An engineering student when the war began, Robert Dodds enlisted on 3 January 1916. After serving overseas with the Canadian Expeditionary Force, he transferred to the Royal Flying Corps in October 1916. Posted to 48 Squadron on 12 July 1917, Dodds flew Bristol Fighters and won the Military Cross for an attack on an enemy aerodrome. In May 1918 he returned to Canada where he served as an instructor at Camp Mohawk. In latter life, Dodds played a prominent role in the development of Canadian civil aviation. He was head of the civil aviation division of the defense department from 1930 until he retired in 1957 at age 65.
According to his nephew, Robert Dodds requested his uniforms and other war memorabilia be donated to the local Hamilton Military Museum. He was a signatory to the creation of Trans-Canada Airlines, the forerunner of Air Canada. In the 1960s, he and other WWI veterans were interviewed by Frank Lalor of the Canadian Broadcast Corporation for a radio documentary series called In Flanders Fields.
Lt. (T./Capt.) Robert Dodds, Cent.
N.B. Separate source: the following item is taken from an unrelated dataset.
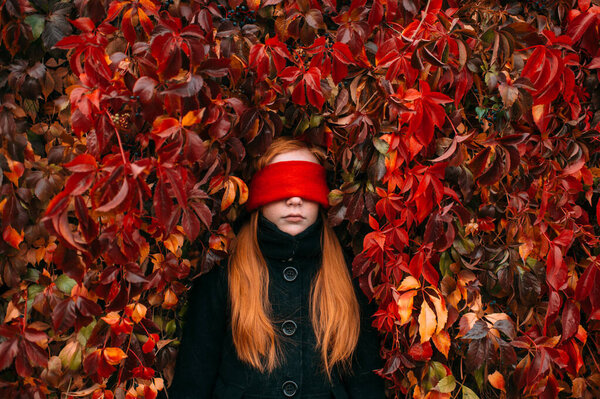 Portrait of longhaired redhead girl with red blindfold in her eyes standing against ivy wall in autumn park.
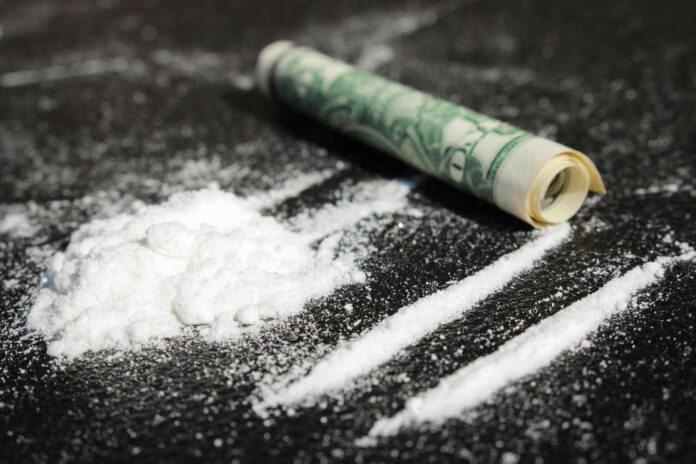Cocaine lines with rolled banknote on surface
Ont. R. and R.F.C.
For conspicuous gallantry and devotion to duty. He has destroyed or driven down eleven enemy machines. On one occasion while on a one-machine patrol he attacked three enemy scouts, but owing to his gun jamming he was forced to withdraw from the attack. Though under heavy fire from the pursuing enemy he succeeded in remedying the defect, and then turned and attacked the enemy again. He destroyed one of them and drove down another out of control. Later, he led a bombing raid on an enemy aerodrome, and under intense machine gun fire from the ground dived to within 100 feet of the hangars before releasing his bombs. Though his machine was damaged he remained at a height of 200 feet until the rest of his formation had dropped their bombs. His magnificent example of pluck and determination was of the greatest value to the squadron.